**Extracted information:**
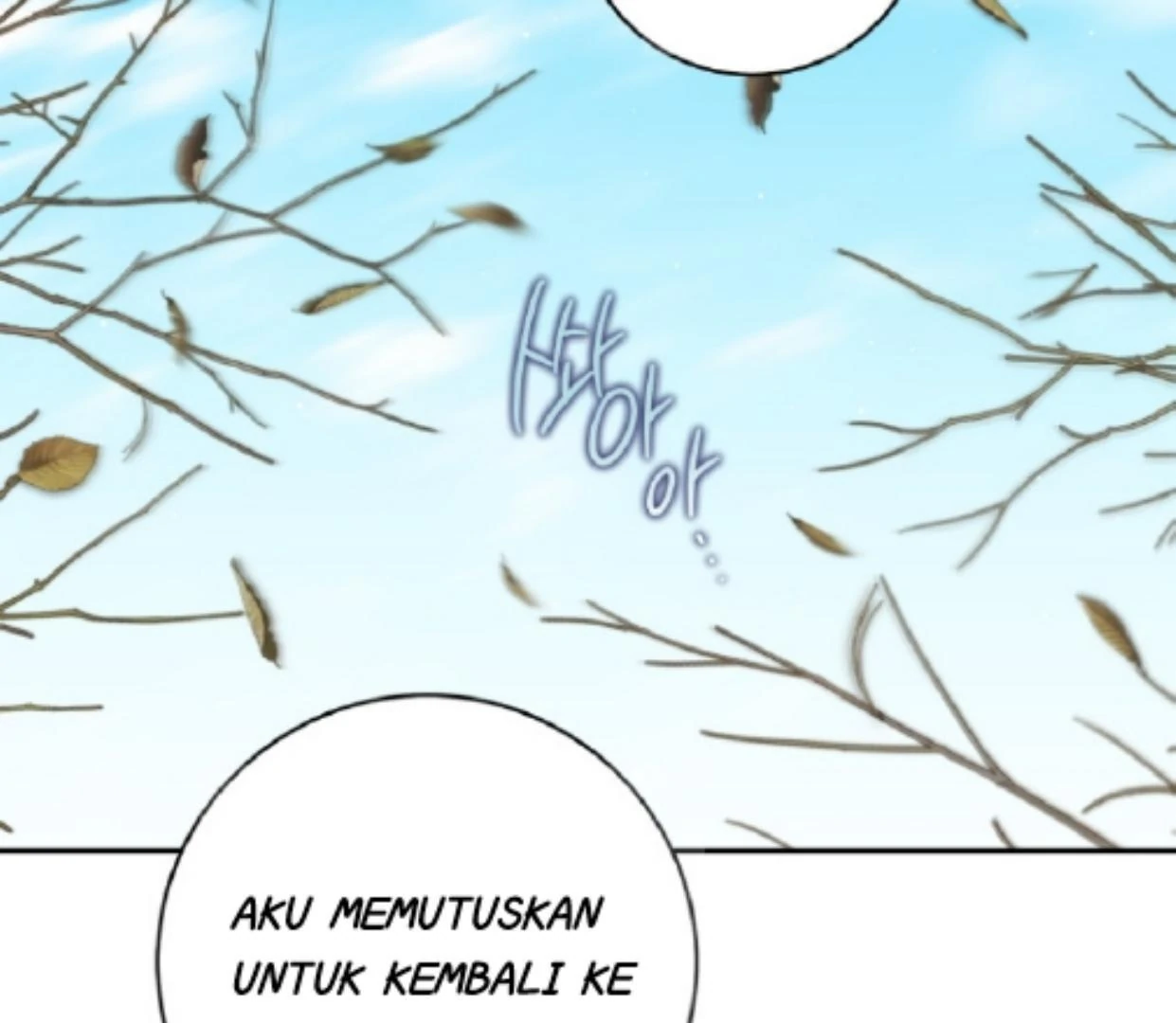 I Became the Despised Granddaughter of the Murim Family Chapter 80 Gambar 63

* * *

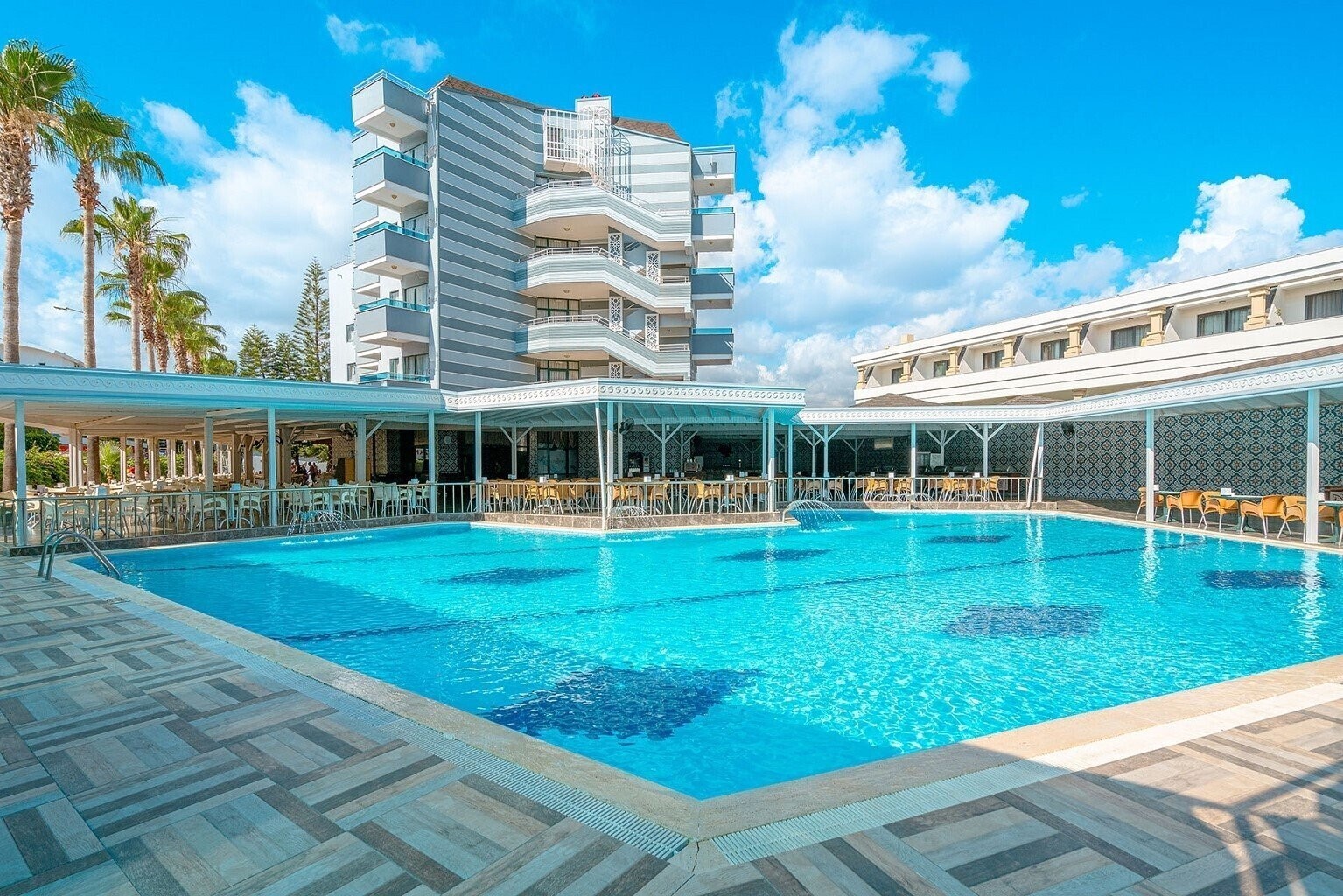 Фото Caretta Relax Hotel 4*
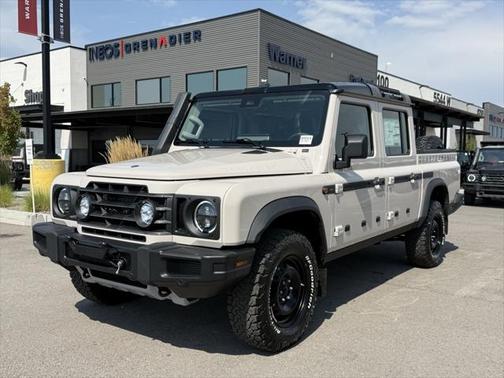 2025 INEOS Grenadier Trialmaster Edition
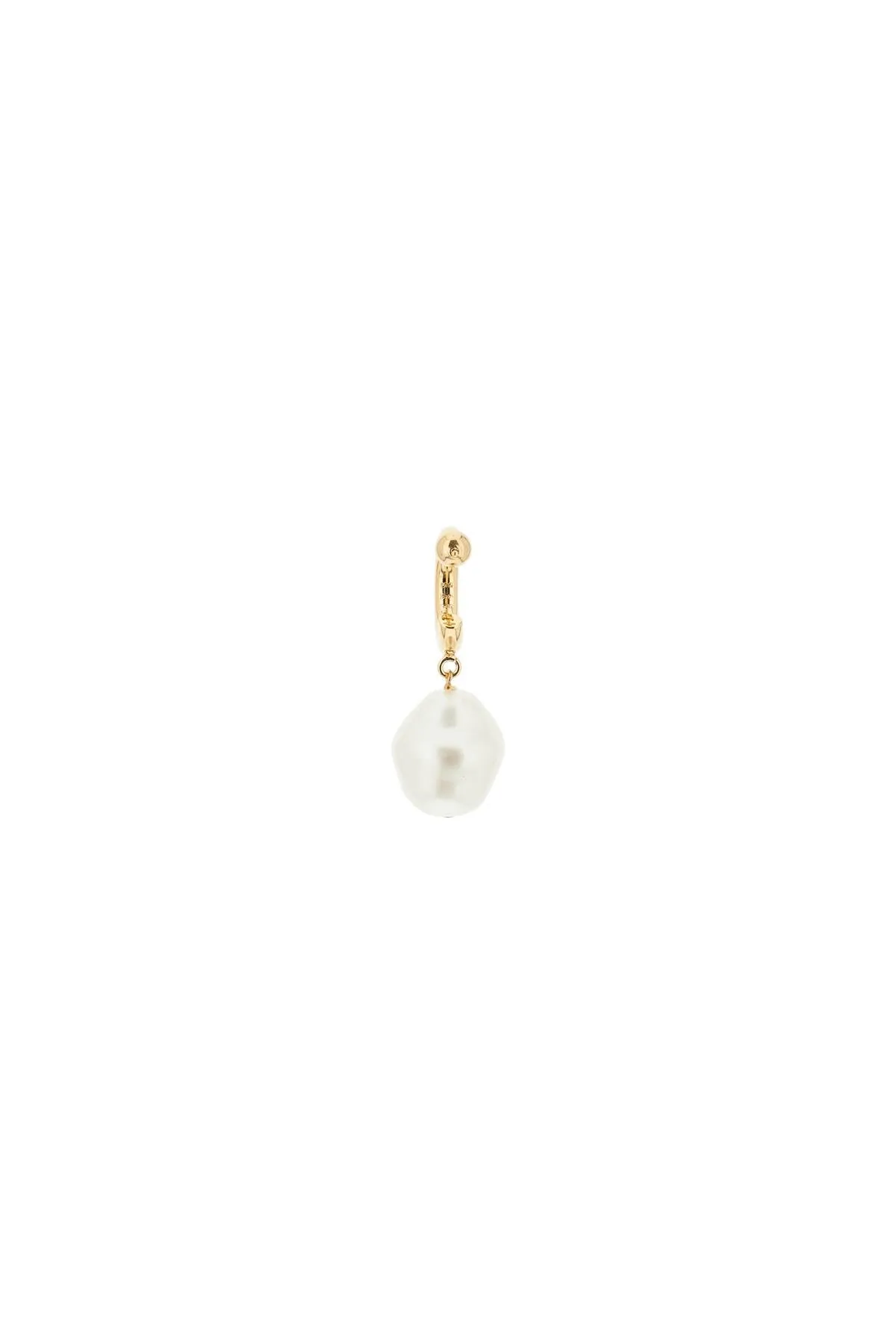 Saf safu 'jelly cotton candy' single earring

* * *

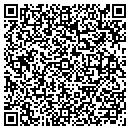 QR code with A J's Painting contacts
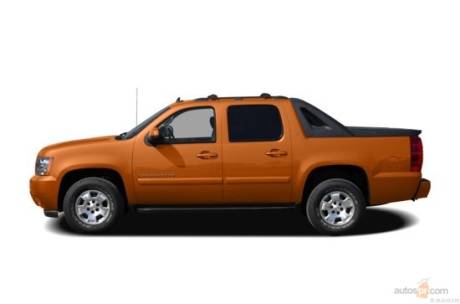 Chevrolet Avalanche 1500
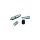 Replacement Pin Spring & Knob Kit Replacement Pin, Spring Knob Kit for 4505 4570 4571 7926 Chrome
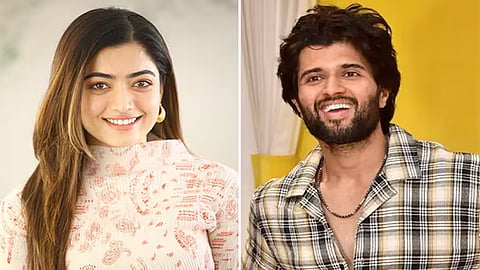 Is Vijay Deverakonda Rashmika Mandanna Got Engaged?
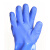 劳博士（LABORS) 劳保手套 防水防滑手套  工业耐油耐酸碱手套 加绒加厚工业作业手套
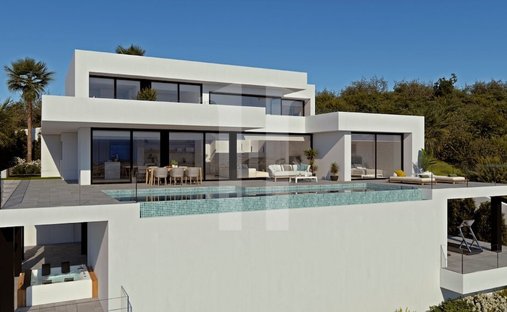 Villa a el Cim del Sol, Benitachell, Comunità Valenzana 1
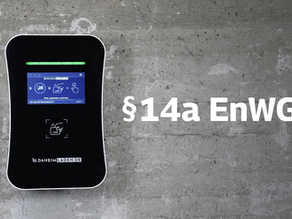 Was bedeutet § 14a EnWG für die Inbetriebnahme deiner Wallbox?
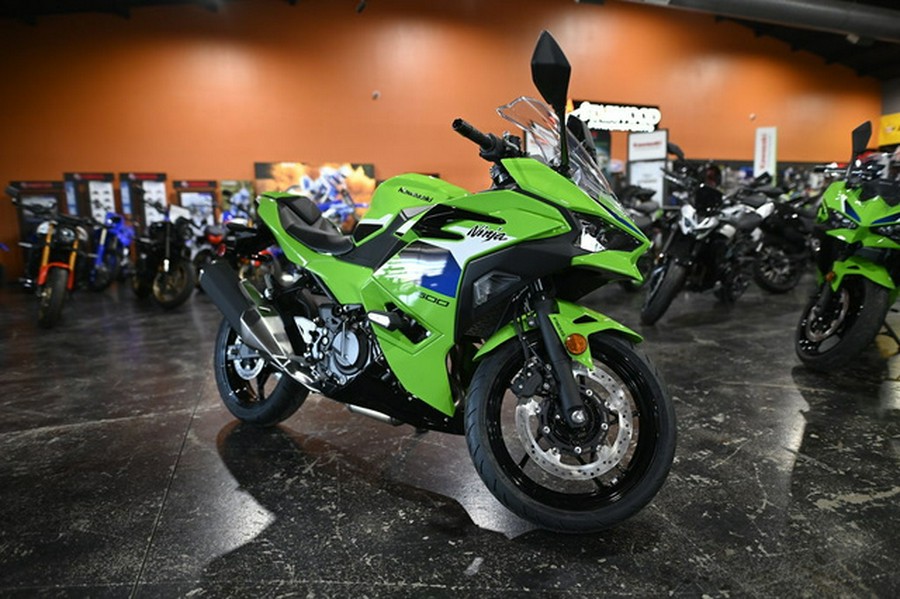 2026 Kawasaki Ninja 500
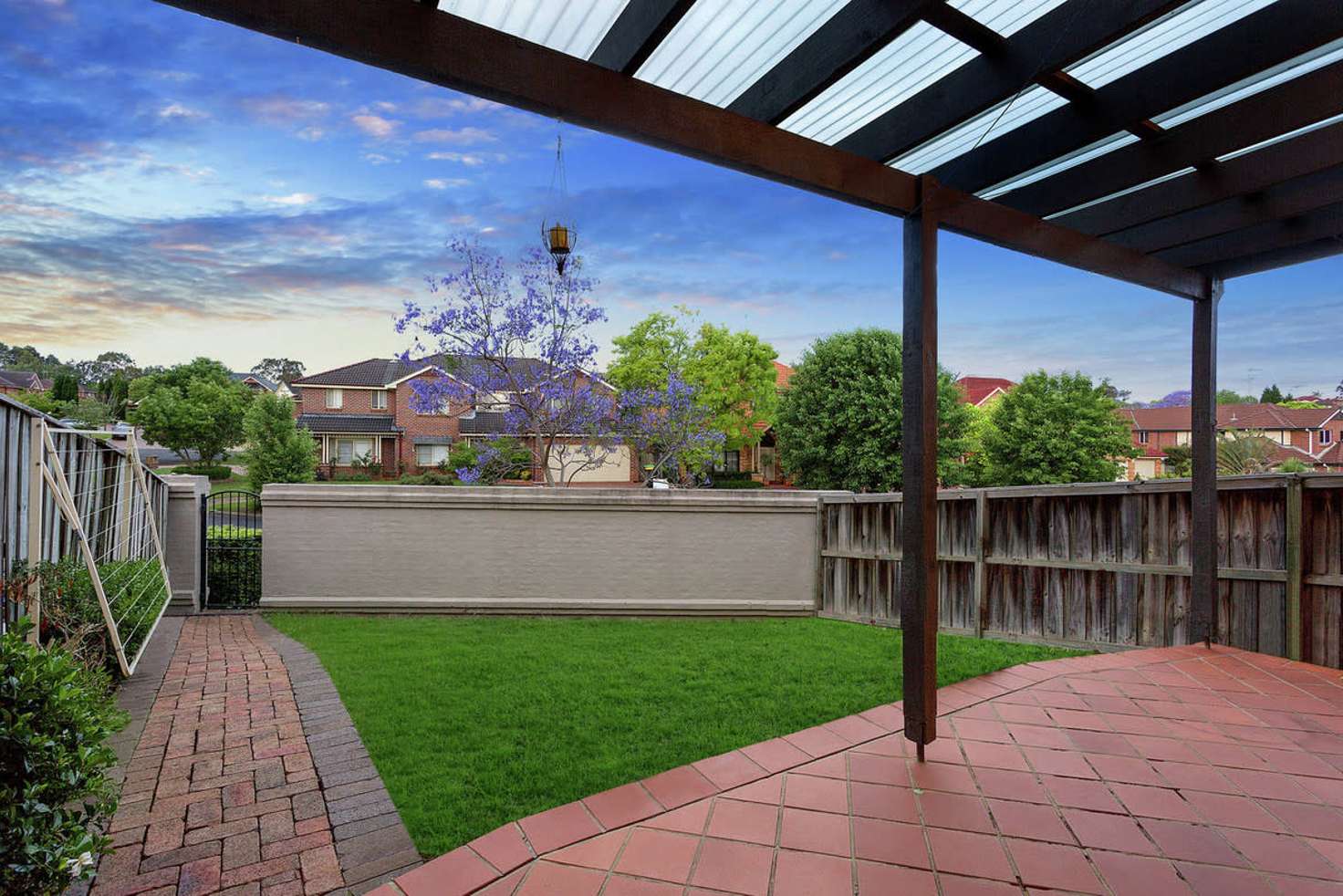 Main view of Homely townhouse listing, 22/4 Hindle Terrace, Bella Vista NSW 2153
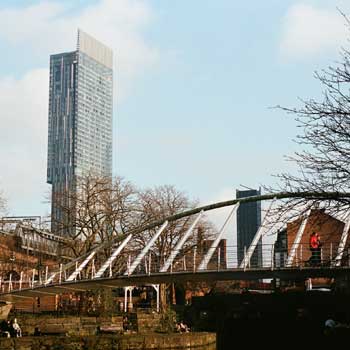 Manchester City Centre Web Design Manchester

**Instructions for the task:** Starting at the line above that contains "QR code with A J's Painting contacts", transcribe every line exactly through the line that contains "劳博士（LABORS) 劳保手套 防水防滑手套", including that last one, and skip the pictures.

**Result:**
 QR code with A J's Painting contacts
 Chevrolet Avalanche 1500
 Replacement Pin Spring & Knob Kit Replacement Pin, Spring Knob Kit for 4505 4570 4571 7926 Chrome
 Is Vijay Deverakonda Rashmika Mandanna Got Engaged?
 劳博士（LABORS) 劳保手套 防水防滑手套  工业耐油耐酸碱手套 加绒加厚工业作业手套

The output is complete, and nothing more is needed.